*** Given information ***

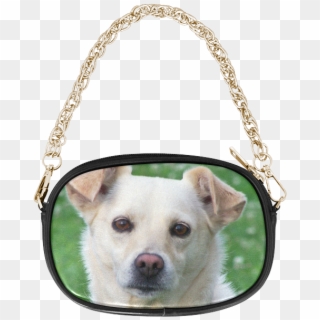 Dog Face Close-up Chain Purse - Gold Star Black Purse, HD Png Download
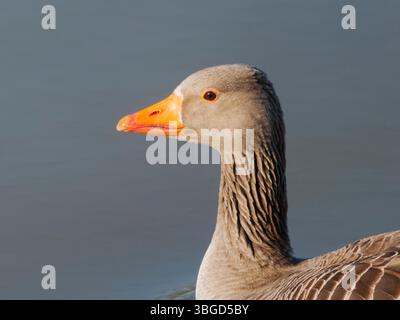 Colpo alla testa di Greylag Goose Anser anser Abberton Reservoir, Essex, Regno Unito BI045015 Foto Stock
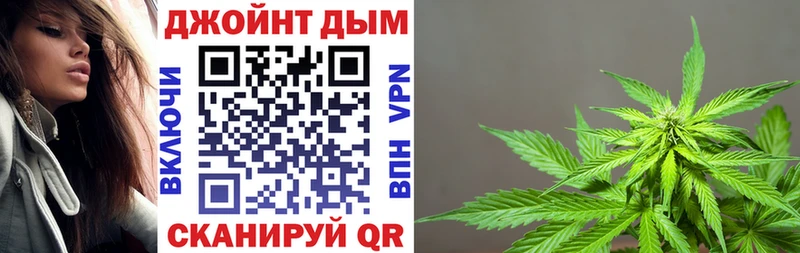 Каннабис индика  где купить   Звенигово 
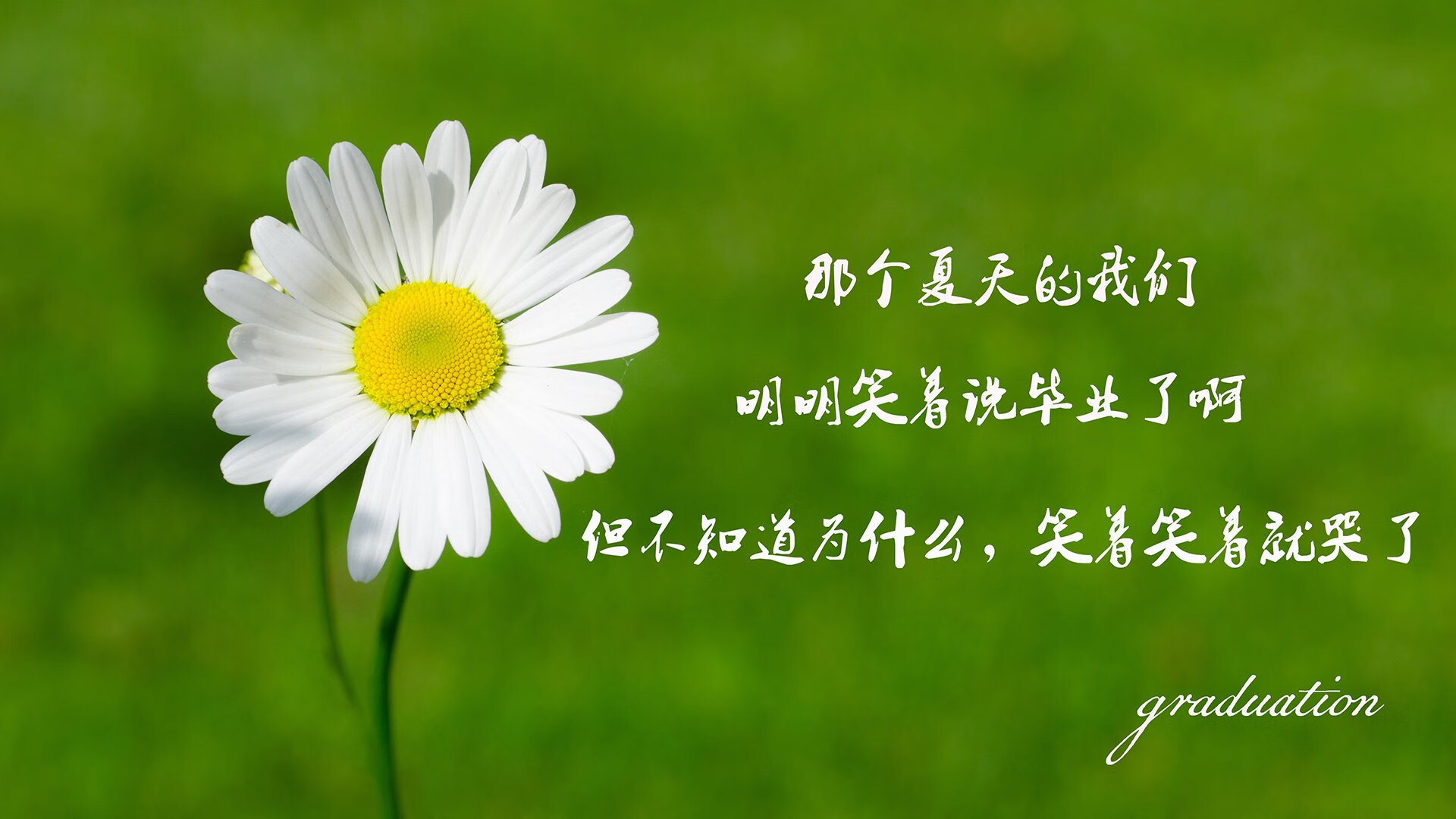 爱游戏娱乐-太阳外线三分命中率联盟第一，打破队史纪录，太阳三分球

*** End of Given information ***

▸ **Task to complete**: The answer should be an exact copy of the material, with its pictures removed.

▸ **Exercise answer**:
 Dog Face Close-up Chain Purse - Gold Star Black Purse, HD Png Download
 Colpo alla testa di Greylag Goose Anser anser Abberton Reservoir, Essex, Regno Unito BI045015 Foto Stock
 Каннабис индика  где купить   Звенигово 
 爱游戏娱乐-太阳外线三分命中率联盟第一，打破队史纪录，太阳三分球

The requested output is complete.